In a further aspect of the system, check valves are provided within the hollow rod string to prevent particles that might settle in liquid from descending below the check valves and maintaining the particles at a level in the wellbore closer to the surface so that when the pump is operating, the particles are pushed closer and closer to the surface to eventually be fully removed from the well.

The invention may further be viewed as a process for producing liquids and solids from the bottom of a natural gas well where an open ended string of production conduit is installed in a wellbore with a seating nipple near the open lower end of the production conduit and a pump is installed at the end of a string of hollow rod string where the pump includes a barrel and a hollow plunger and where the hollow plunger is connected to and in fluid communication with the hollow rod string and further includes a traveling valve to admit liquids into the hollow interior of the plunger and wherein the barrel includes a standing valve to admit liquids from below the seating nipple into the barrel. A barrel is connected to the seating nipple and seal the interior of the production tubing from the open lower end of the production tubing wherein a tubing annulus is defined within the production tubing above the seating nipple and outside the hollow rod string. Substantially particle free liquid is provided into the tubing annulus to be in contact with the barrel and the outside of the plunger and as the plunger is raised and lowered, it draws liquids through the standing valve and through the traveling valve and eventually into the hollow rod string.

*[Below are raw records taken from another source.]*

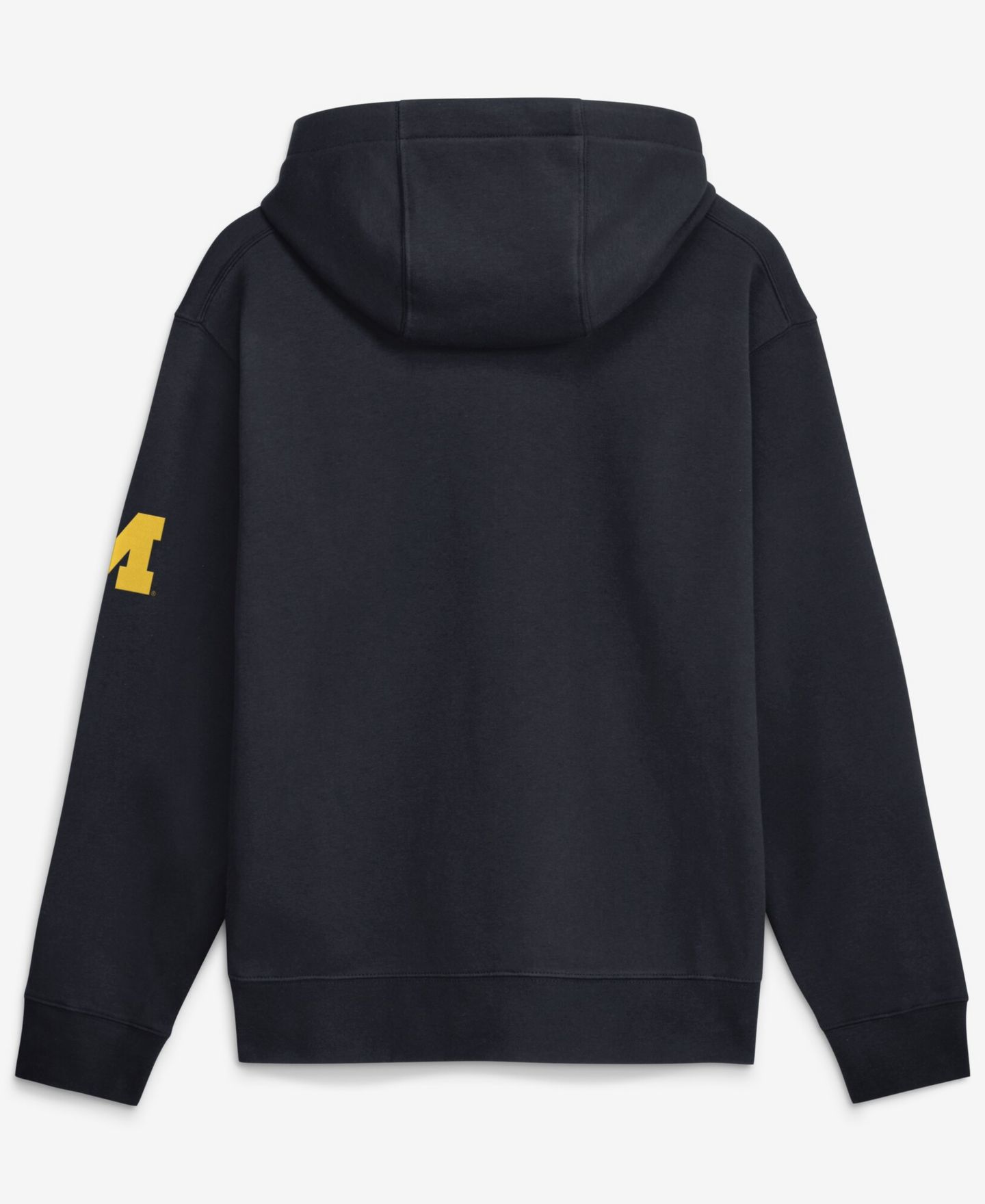 Мужское худи Jordan Anthracite Michigan Wolverines 2026 Sideline Club Fleece — фото 2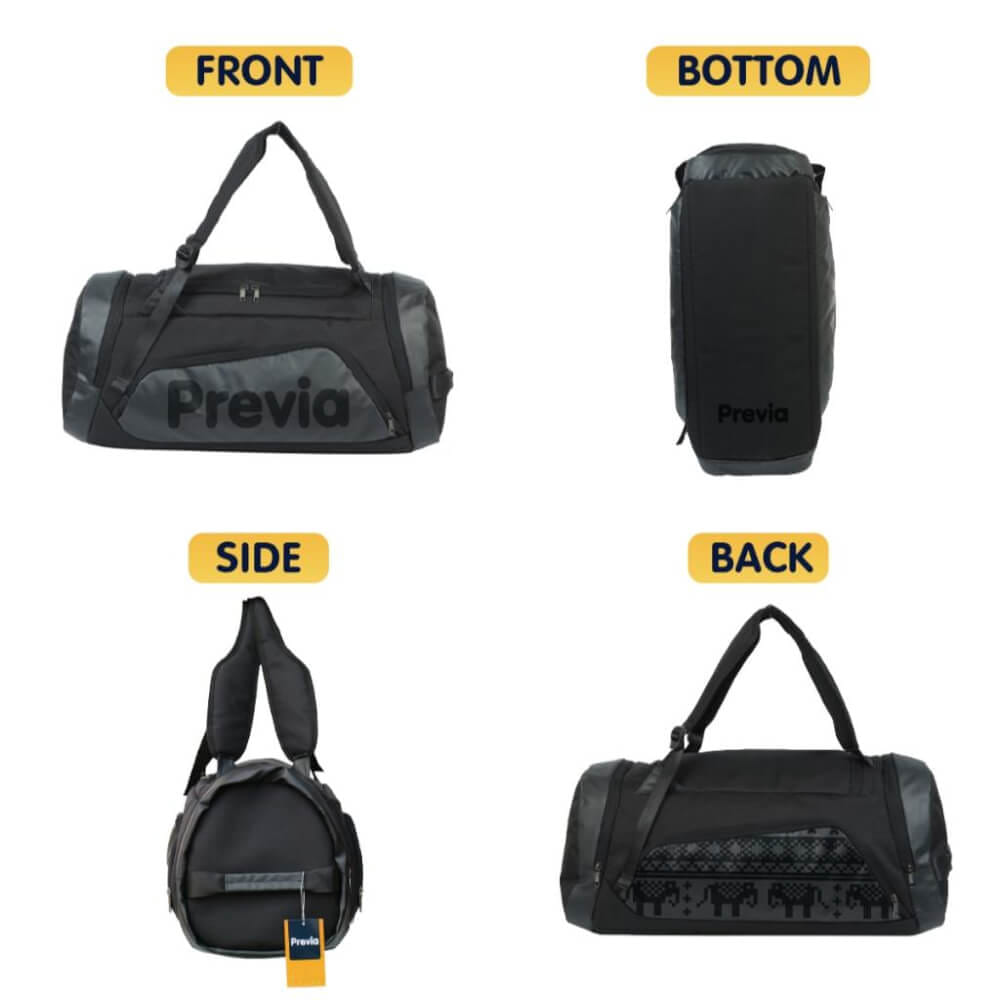 กระเป๋า carry-on ACCORD PREVAIL รุ่น PV-02 สีดำ_3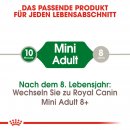 ROYAL CANIN MINI Adult Trockenfutter f&uuml;r kleine Hunde 2 Kg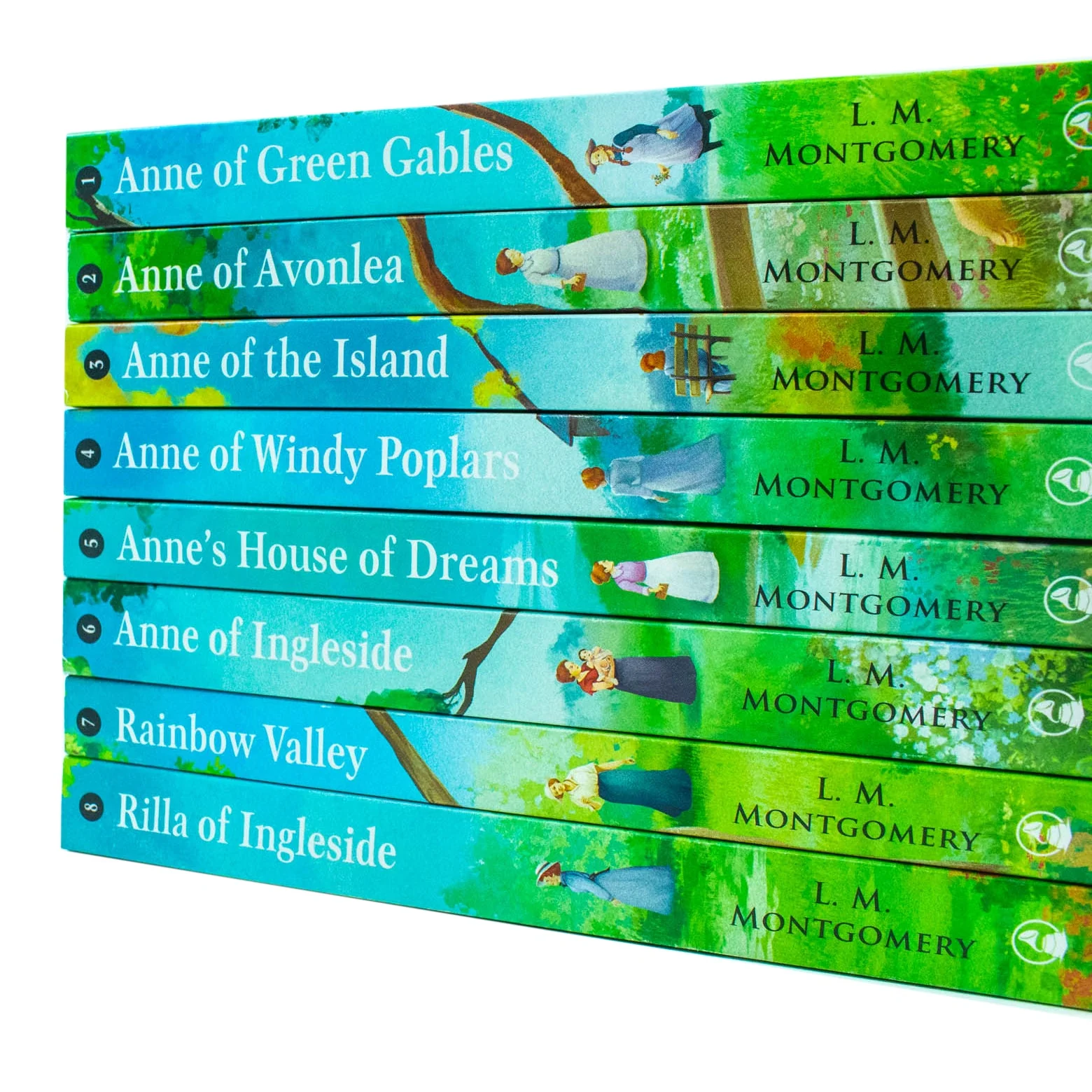 Anne Of Green Gables The Complete Collection 8 Books Set By L.M. Montgomery NEW COVER - Image 3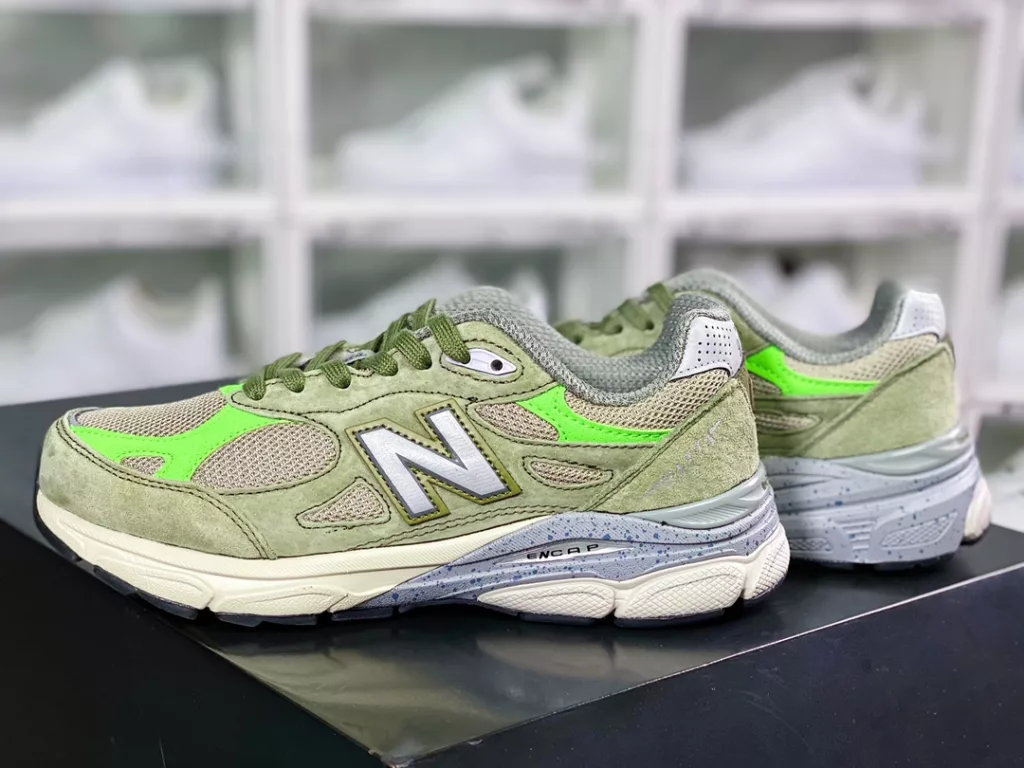 NB Made in USA M990V3 third-generation series low cut American heritage classic retro casual sports versatile dad running shoes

In a preferred arrangement, a portion of the liquids are produced through the hollow rod string are directed through a filter and then back into the tubing annulus.

In another preferred arrangement, gas is produced through gas production annulus and a quiet zone is defined below the seating nipple above the open end of the production tubing and gas that enters the quiet zone is allowed to exit back into the gas production annulus from an upper portion of the quiet zone.

The invention, together with further advantages thereof, may best be understood by reference to the following description taken in conjunction with the accompanying drawings in which:

FIG. 1 is a cross section of a prior art version of a pumping system for pumping liquids to the surface of a natural gas well;

FIG. 2 is a cross section of a first embodiment of an inventive pumping system shown in a well for pumping liquids to the surface of a natural gas well;

FIG. 3 is a fragmentary perspective view of the surface of the well showing the arrangement for providing filtered liquid back to the bottom of the production tubing;

FIG. 4 is a is a cross section of a second embodiment of an inventive pumping system shown in a well for pumping liquids to the surface of a natural gas well; and

FIG. 5 is an exploded perspective view of a hollow shear tool for providing preferred breakaway for the production systems of the present invention.

Turning now to the preferred arrangement for the present invention, reference is made to the drawings to enable a more clear understanding of the invention. However, it is to be understood that the inventive features and concept may be manifested in other arrangements and that the scope of the invention is not limited to the embodiments described or illustrated. The scope of the invention is intended only to be limited by the scope of the claims that follow.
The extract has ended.